Als dritte im Premieren-Bund rückt „Die Hydra“ ihr schauriges Haupt. Tom Schneider bringt den gleichnamigen Text von Heiner Müller als Get Together der Darsteller Sandra Hüller, Moritz Bossmann, Michael Graessner und Sandro Tajouri, die gleichzeitig als Musiker agieren, auf die Bühne. „Die Hydra ist ein Wesen mit vielen Köpfen, und so ist auch die Inszenierung ein Zwitterstück“, sagt Tom Schneider, der mit der szenischen Einrichtung von „Bilder Deiner großen Liebe“ in der letzten Spielzeit einen veritablen Hit abgeliefert hat.

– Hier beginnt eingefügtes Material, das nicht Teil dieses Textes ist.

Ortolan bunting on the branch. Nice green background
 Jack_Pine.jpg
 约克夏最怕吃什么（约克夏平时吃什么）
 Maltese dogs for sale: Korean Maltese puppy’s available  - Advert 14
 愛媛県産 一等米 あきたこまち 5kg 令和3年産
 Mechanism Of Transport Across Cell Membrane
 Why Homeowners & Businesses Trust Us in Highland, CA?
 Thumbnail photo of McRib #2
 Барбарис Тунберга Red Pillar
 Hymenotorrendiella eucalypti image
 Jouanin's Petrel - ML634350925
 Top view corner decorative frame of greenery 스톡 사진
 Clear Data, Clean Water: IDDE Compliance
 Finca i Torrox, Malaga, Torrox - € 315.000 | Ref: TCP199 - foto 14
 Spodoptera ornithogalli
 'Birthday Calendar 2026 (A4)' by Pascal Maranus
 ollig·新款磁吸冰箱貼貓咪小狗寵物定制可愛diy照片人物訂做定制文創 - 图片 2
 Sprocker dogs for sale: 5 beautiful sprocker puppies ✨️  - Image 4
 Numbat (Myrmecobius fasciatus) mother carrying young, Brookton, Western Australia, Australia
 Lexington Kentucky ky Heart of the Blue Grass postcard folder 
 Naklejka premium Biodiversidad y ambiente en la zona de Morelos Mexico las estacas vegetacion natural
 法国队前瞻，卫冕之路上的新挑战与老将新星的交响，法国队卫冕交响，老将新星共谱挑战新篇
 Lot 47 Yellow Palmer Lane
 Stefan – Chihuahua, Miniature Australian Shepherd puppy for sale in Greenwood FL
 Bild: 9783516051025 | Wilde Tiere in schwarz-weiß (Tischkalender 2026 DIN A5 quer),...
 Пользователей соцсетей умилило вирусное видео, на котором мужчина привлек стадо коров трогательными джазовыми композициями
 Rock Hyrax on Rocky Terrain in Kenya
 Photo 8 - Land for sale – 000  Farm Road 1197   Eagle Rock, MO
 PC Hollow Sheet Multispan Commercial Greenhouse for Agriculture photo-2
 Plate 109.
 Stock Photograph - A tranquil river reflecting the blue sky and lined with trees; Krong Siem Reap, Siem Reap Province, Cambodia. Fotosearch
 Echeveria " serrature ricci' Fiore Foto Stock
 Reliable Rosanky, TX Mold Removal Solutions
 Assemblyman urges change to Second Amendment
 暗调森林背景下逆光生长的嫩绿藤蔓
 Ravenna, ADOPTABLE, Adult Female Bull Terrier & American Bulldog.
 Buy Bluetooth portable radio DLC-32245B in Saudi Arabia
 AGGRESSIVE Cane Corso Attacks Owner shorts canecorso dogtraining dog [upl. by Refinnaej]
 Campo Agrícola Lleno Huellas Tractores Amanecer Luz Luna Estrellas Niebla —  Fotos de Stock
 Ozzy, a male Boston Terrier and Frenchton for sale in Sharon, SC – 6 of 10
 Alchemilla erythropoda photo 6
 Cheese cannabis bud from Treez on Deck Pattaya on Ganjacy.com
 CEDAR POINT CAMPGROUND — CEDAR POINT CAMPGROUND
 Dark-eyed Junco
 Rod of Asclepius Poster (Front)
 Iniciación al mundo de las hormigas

Tom Schneider inszeniert Heiner Müllers „Die Hydra“.
Tom Schneider inszeniert Heiner Müllers „Die Hydra“. © JBS

Auch bei seiner Heiner-Müller-Adaption gibt es neben Textanteilen viele Komponenten von Musiktheater, performative Elemente rücken die im Text thematisierte Beschäftigung mit dem Phänomen des „Herakles“ als dem „ersten Arbeiter“ der Menschheitsgeschichte in den Blickpunkt.

Die Arbeit geht immer weiter

Tenor: Die Arbeit geht immer weiter. Auch wenn sie zu Ende ist. Nicht zuletzt ist dem Regisseur aber auch daran gelegen zu zeigen, auf welche „kraftmeierische Weise der Mensch mit der Natur umgeht“.

Premiere 11. Oktober, 19.30 Uhr, Kammerspiele. Aufführungsdauer 1:30 Stunden, keine Pause.